巷に並ぶ言葉は「ストーリーありき、ヨクナイ!」の繰り返しだ。
でもちょっと待てよ。
「ストーリーありき」ってそんなに悪いことか?

そもそも「ストーリー」とは何か。
「ストーリー」を「仮説」と置き換えてみると、それ自体は何ら悪いことなんてない。
むしろ奨励されるべきこと。
ビジネスマンなら誰しもどこかで「仮説」を考えることの重要性を一度ならず聞いたことがあるはず。
この仮説思考について最もわかりやすく説明しているのが世界有数のコンサルティング会社ボストンコンサルティンググループの元日本代表である内田和成氏の「仮説思考」という本。
詳しい説明は本書を読んで頂くとして(個人的にとても好きな本の一つ!まだレビューしてないけど。)、「仮説思考」の概要を下記に引用してみる。

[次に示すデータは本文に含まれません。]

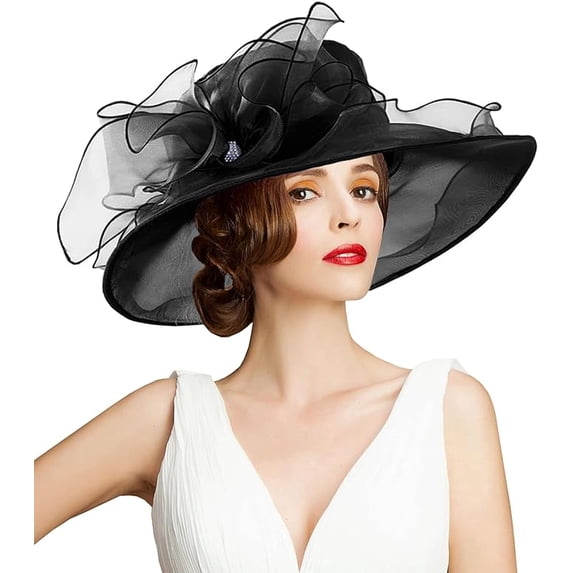 Women Derby Fascinator Hat Organza Church Wedding Hat Wide Brim Cocktail Tea Party Hat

[quote]情報が多ければ多いほど、よい意思決定ができる。
このように信じているビジネスパーソンは多い。
そうであるがゆえに、できるだけ多くの情報を集め、それらを分析してから、経営課題の本質を見極め、解決策を出そうとする。
実際に起こることは何か?情報収集しているうちに時間切れになったり、あるいは、ほかのどうでもよいデータはあるが、最も重要なデータがないことに土壇場で気づき、苦し紛れで「エイヤーッ」と意思決定せざるをえないことになる。徹底的に調べてから、答えを出すという仕事のやり方には無理がある。
では、どうすればよいのか?
仮説思考を身につければよい。仮説とは、十分な情報がない段階、あるいは、分析が済んでいない段階でもつ、「仮の答え」「仮の結論」である。常に仮の答えをもちなながら、全体像を見据える習慣を仮説思考と呼ぶ。[/quote]
そもそもビジネスシーンにおいては時間をはじめとするリソースは有限であり、従って判断に際して必要となる情報が100%手元に揃うことなんてない。
そのため現在手元にある限られた情報に基づき蓋然性が高いと思われる「仮の答え」を導き、それに基づき判断をすることが必要となる。
例えばパソコンがうまく動かない場合。なんとか原因を解明したい。
しかしながらパソコンがうまく動かない原因なんて無数にある。
ハードウェアに問題があるかもしれないし、ソフトウェアに問題があるかもしれない。またはネットワークかも。
ハードウェアといってもCPUかもしれないしメモリかもしれないしハードディスクかもしれない。
これらを一つ一つしらみ潰しに探せばいずれ原因に行き着くかもしれないけれども、実際はそんな時間なんてない。
てことでひとまず今手元にある情報、例えば「◯◯というアプリケーションをインストールしてからおかしくなった」とか「◯◯というエラーメッセージが表示された」とかを頼りに、ある程度の「あたり」を付ける。どうやらソフトウェアの問題だな、とかネットワークだな、とか。
これが仮説思考。

さて、では今回の検察の捜査において、何が問題だったのか。
それは「仮説検証のプロセスがなかった」こと。
もっと言えば「検証の結果出てきた反証を無視し、さらには仮説に合わせて改ざんまでして当初立てた仮説で押し切ろうとした」こと。

言うまでもなく「仮説」は「仮の答え」「仮の結論」。
つまりその仮の答えが間違ってる可能性だって往々にしてある。
必要なのは、その「仮説」に反する事実が見つかった場合に、その事実に基づいて仮説を修正することだ。
ソフトウェアの問題だなと思って色々調べてみたがどうも原因が見つからない。そこでハードウェアをチェックしてみたらどうやらハードディスクがおかしくなってる気配があった。
そうすると当初の「ソフトウェアが原因」という仮説を修正して「ハードウェアが原因」に切り替えなければならない。

しかし。
今回の村木事件においてはその逆が行われた。
要するに「ソフトウェアが原因」と思って調べていたらどうもそういう証拠は見つからなかった。そこで仮説を修正……するわけではなくソフトウェアを壊して自ら原因を作ってみた、つまりフロッピーディスクのデータを改ざんしてみた、というのが今回の事件における本当の問題。
仮説を立てたならば検証するのは必定。
で、検証の結果仮説を裏付ける事実があればオーケーだし、なければ仮説が間違っていたということでそれを修正するまで。
そんなシンプルなことが理解されていなかった。

さらに悪いのは、その「検証」というプロセスをマスコミ自体も持っていなかったこと。
「ストーリーありきの捜査、ヨクナイ!」という火が点いたら特にその内容を検証することもなくその方向で批判して批判して批判して……。
そんなマスコミにはそもそも今回の事件を批判する資格なんてないと思うんだけど。